Captioned web images
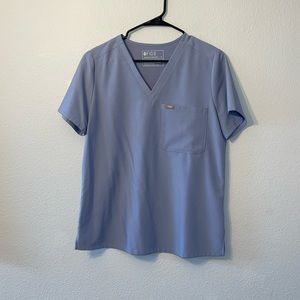New Never Worn Figs Scrub Top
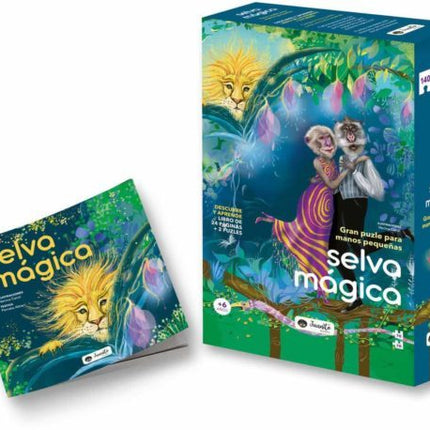 Selva mágica (puzle superpuesto)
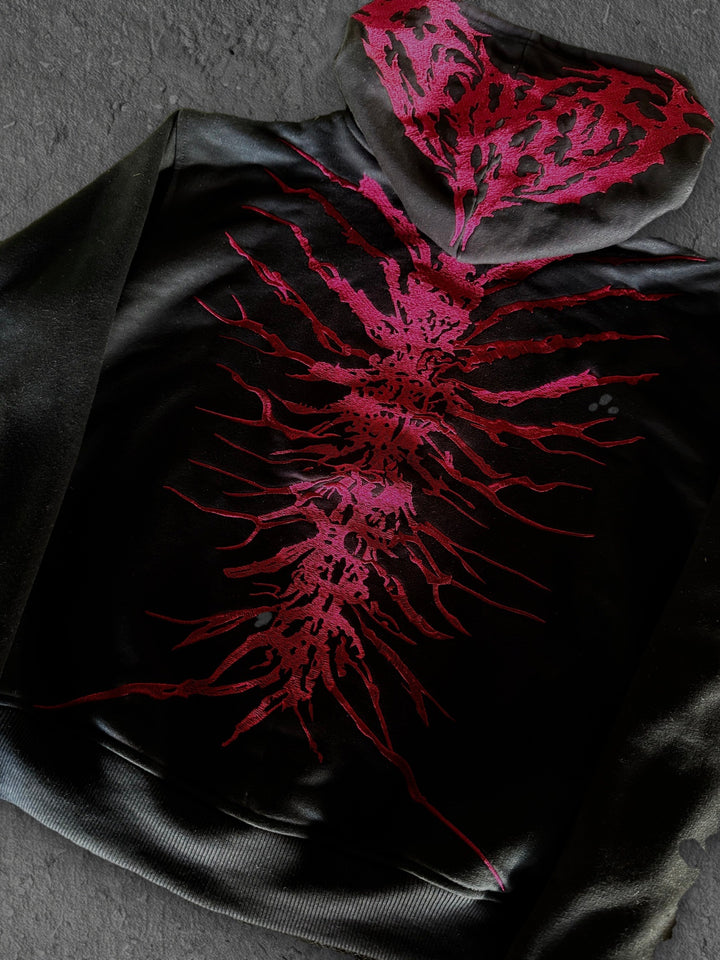 ghoul zip up b r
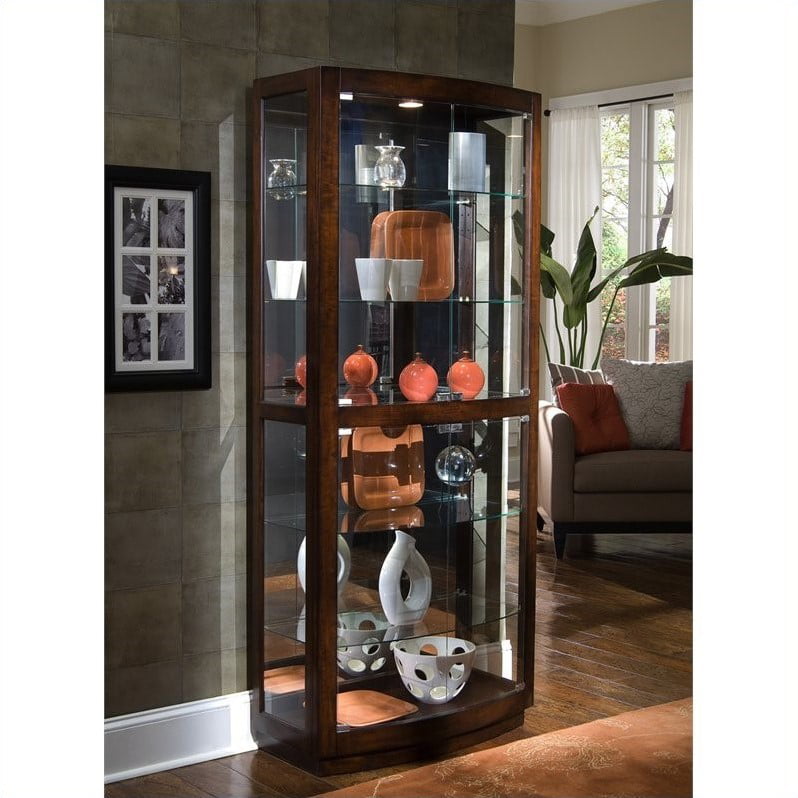 Pulaski Pacific Heights Curio Cabinet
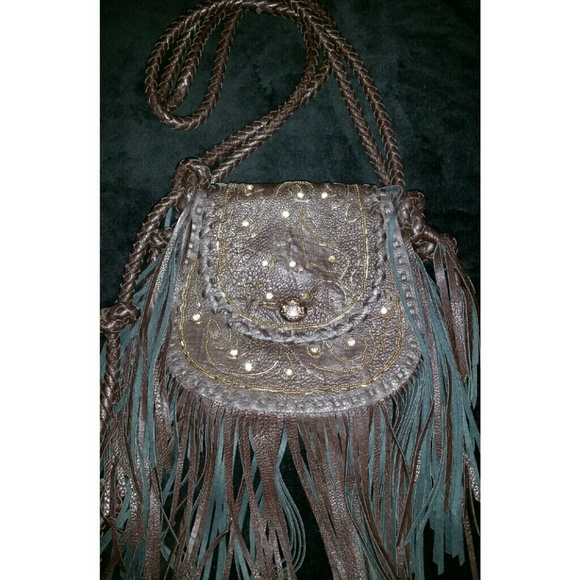 !Fringe Crossbody!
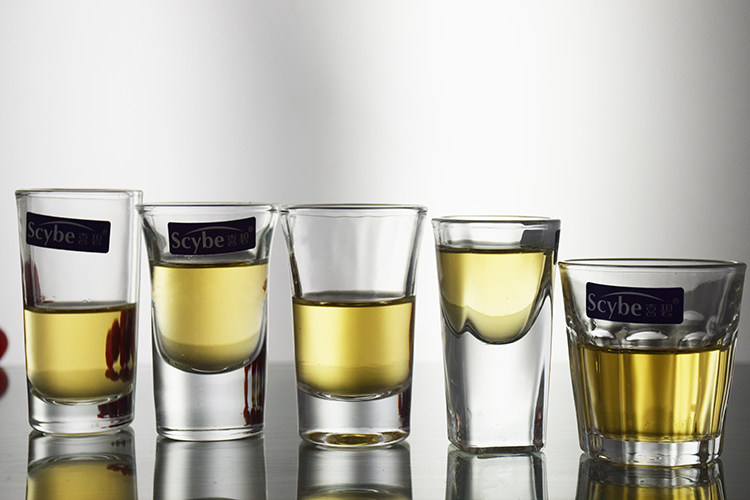 酒杯喜碧玻璃杯子弹杯烈白酒杯cmd0192cmd0121cmd0091cmd0196玻璃杯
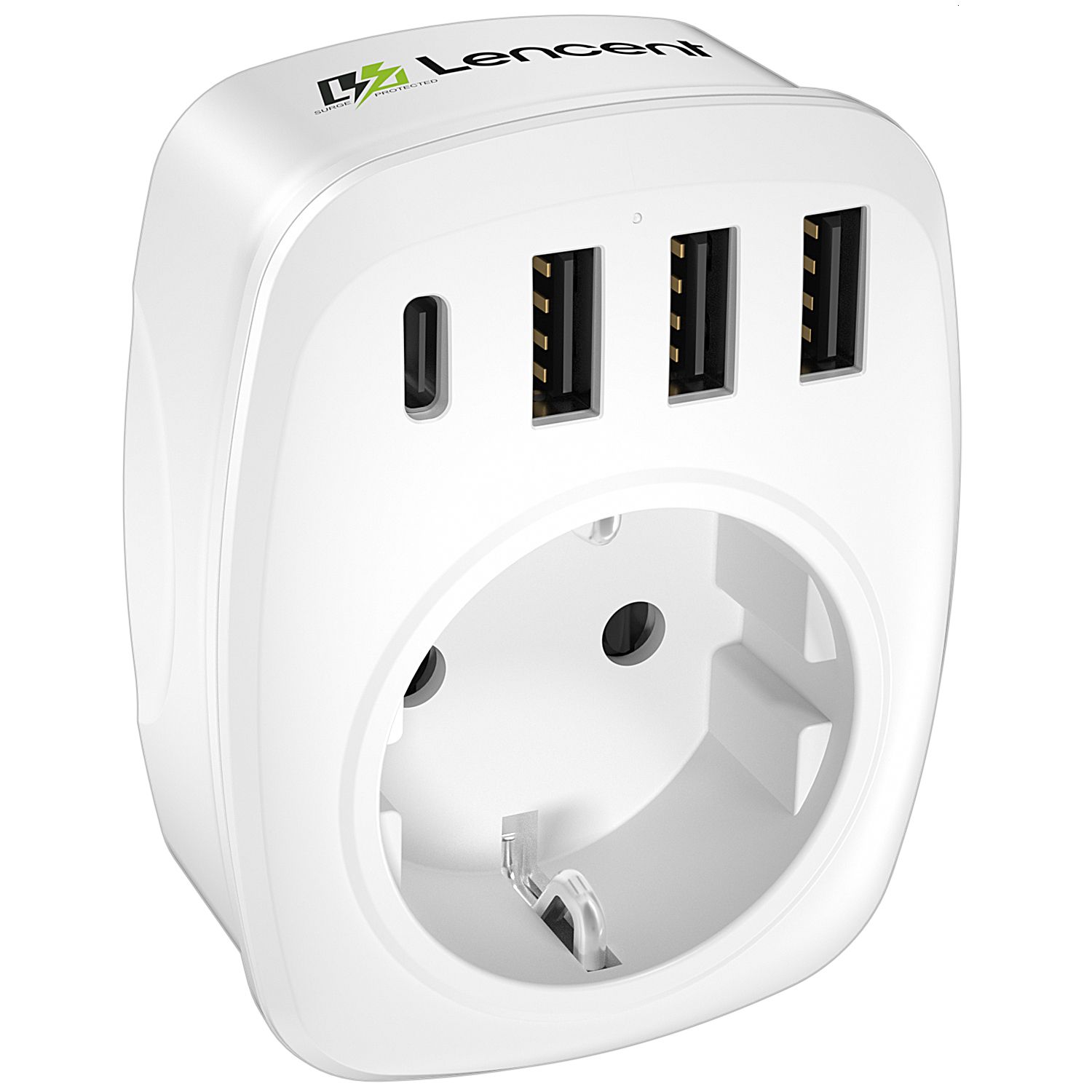 3 spina USB 1AC Outlets-Eu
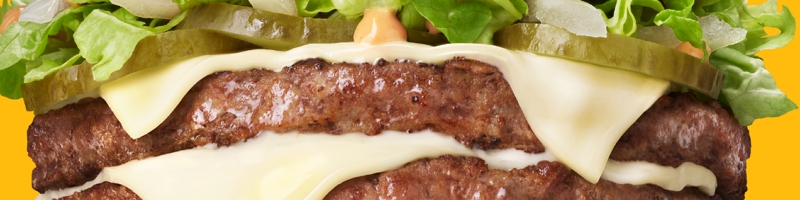 De Big Arch van McDonald’s nu ook in Nederland verkrijgbaar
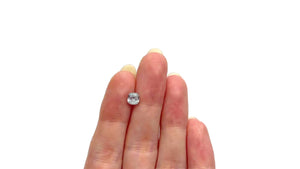0.92ct 5.38x5.18x3.82mm Cushion Brilliant Sapphire 23674-15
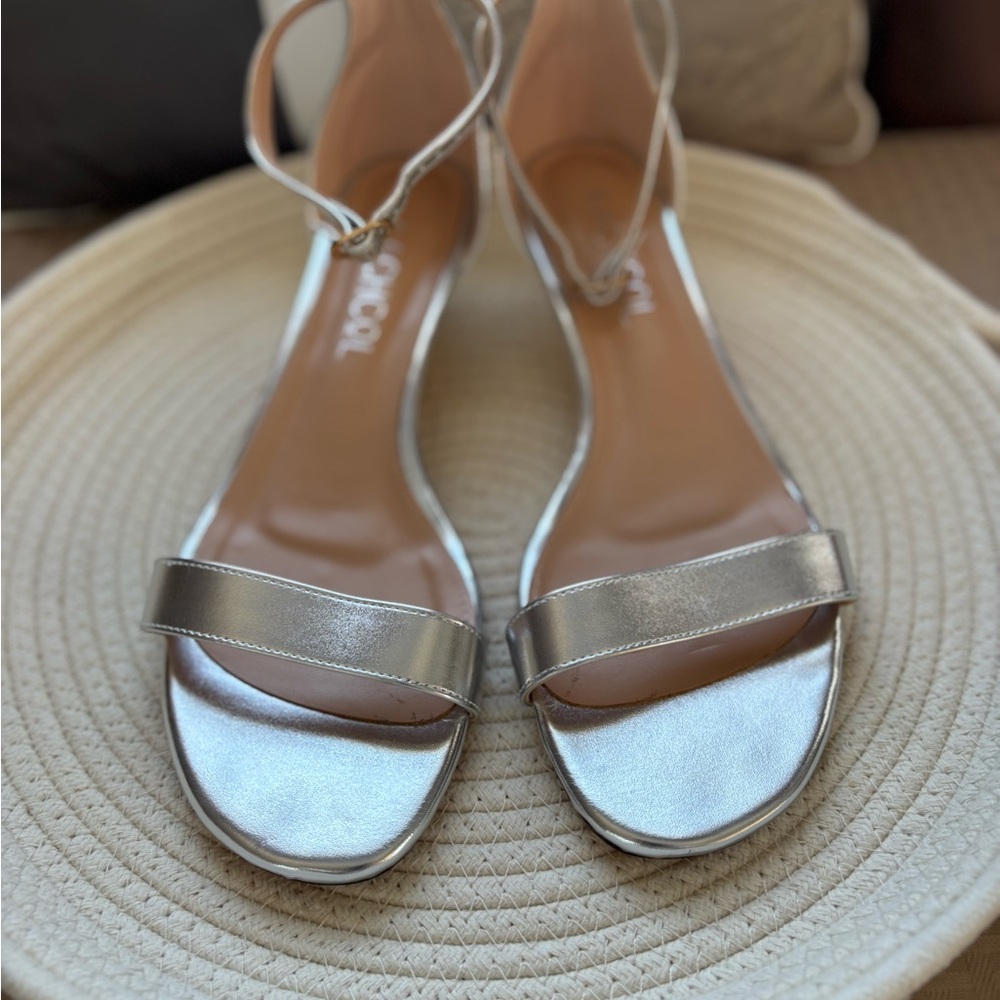 Silver Women's Sandals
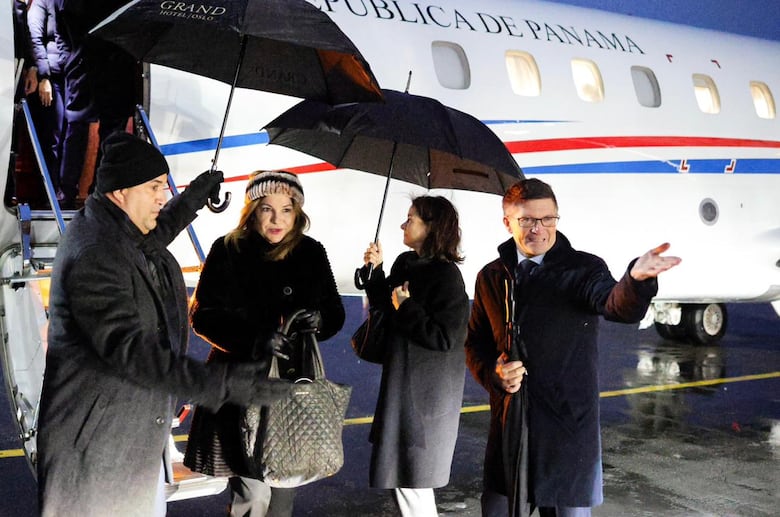 Mulino aterriza en Oslo: asistirá a la entrega del Nobel de la Paz y se reunirá con el rey Harald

*Your instructions*
When you reproduce the data shown above, keep each line exact and omit every picture.

*Answer box*
New Never Worn Figs Scrub Top
 Selva mágica (puzle superpuesto)
 ghoul zip up b r
 Pulaski Pacific Heights Curio Cabinet
 !Fringe Crossbody!
 酒杯喜碧玻璃杯子弹杯烈白酒杯cmd0192cmd0121cmd0091cmd0196玻璃杯
 3 spina USB 1AC Outlets-Eu
 De Big Arch van McDonald’s nu ook in Nederland verkrijgbaar
0.92ct 5.38x5.18x3.82mm Cushion Brilliant Sapphire 23674-15
 Silver Women's Sandals
 Mulino aterriza en Oslo: asistirá a la entrega del Nobel de la Paz y se reunirá con el rey Harald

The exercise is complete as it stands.